La Chine se moque de George Soros. Ce dernier ne fait qu'identifier une anomalie dans la politique menée par les autorités. Tout au plus, les chinois fustigent une personnalité qui met en avant un profond dysfonctionnement interne, et qui va chercher à en profiter. Et tout le problème est là. Si la Chine veut faire perdre George Soros en continuant de soutenir sa monnaie à la hausse, et ce, contre toute logique, elle aggravera sa situation économique. Finalement, le pari du financier est que les autorités chinoises vont agir raisonnablement, c’est-à-dire soutenir leur économie en laissant leur monnaie évoluer selon un régime de taux de change libre.

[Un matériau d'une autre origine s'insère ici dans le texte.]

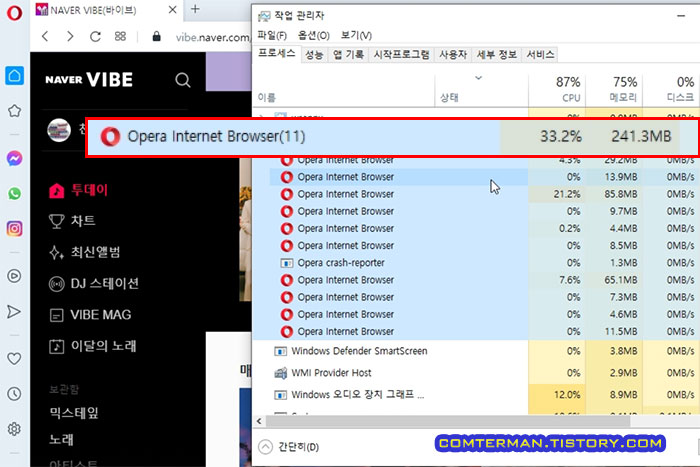 오페라 브라우저 CPU 점유율 메모리 사용량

Pour Soros, le risque le plus sérieux provient des Etats Unis. Car si la FED décide d'en finir avec sa politique de restriction monétaire, et commence à soutenir massivement son économie, le dollar pourrait suivre une nouvelle tendance à la baisse, ce qui permettra aux autorités chinoises de souffler un peu, et d'éviter la dévaluation. Toutes les autres solutions sont mauvaises, notamment celles visant à mettre en place des politiques de contrôle de capitaux, ce qui nuirait aux intérêts du pays.

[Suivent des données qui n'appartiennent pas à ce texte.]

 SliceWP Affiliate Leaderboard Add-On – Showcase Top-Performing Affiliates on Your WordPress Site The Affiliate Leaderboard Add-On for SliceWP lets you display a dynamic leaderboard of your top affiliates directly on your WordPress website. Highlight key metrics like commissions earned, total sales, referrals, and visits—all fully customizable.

En quoi est-il possible de dresser un parallèle entre la situation du Royaume Uni des années 90 et celle de la Chine contemporaine ? S'agit-il des mêmes mécanismes ?

Le mécanisme initial est identique, puisqu'il s'agit de lutter contre l'aberration que peut représenter un taux de change fixe. A cette époque, le Royaume Uni tentait de se qualifier dans la course à l'euro, ce qui supposait des efforts importants pour rester dans le couloir de qualification à la monnaie unique. A cette même époque, la France menait en parallèle sa politique du Franc fort. George Soros avait jugé cet espoir irréaliste au regard des fondamentaux de l'économie du Royaume, ce qui s'est avéré exact. Mais la différence importante entre le Royaume Uni de 1992 et la Chine de 2016 est que les opérations menées il y a plus de 20 ans sur la livre Sterling étaient suffisamment importantes pour avoir un impact réel sur cette monnaie.

Soros a ouvert une brèche et a été suivi par d'autres. Ce qui n'est pas le cas avec la Chine d'aujourd'hui, qui est la seconde économie mondiale. Il est possible d'en conclure que George Soros est, au moins en partie, personnellement responsable de l'absence du Royaume Uni au sein de la zone euro. Le point à retenir de ce type de raids financiers est que si l'analyse de départ est erronée alors le pari sera perdant et coûtera très cher à ses initiateurs. Ces grands fonds d'investissement sont là pour identifier des failles et les exploiter, et si les gouvernements peuvent les accuser de tous les maux, pour trouver des boucs émissaires, cela ne change pas la réalité de l'existence d'une faille.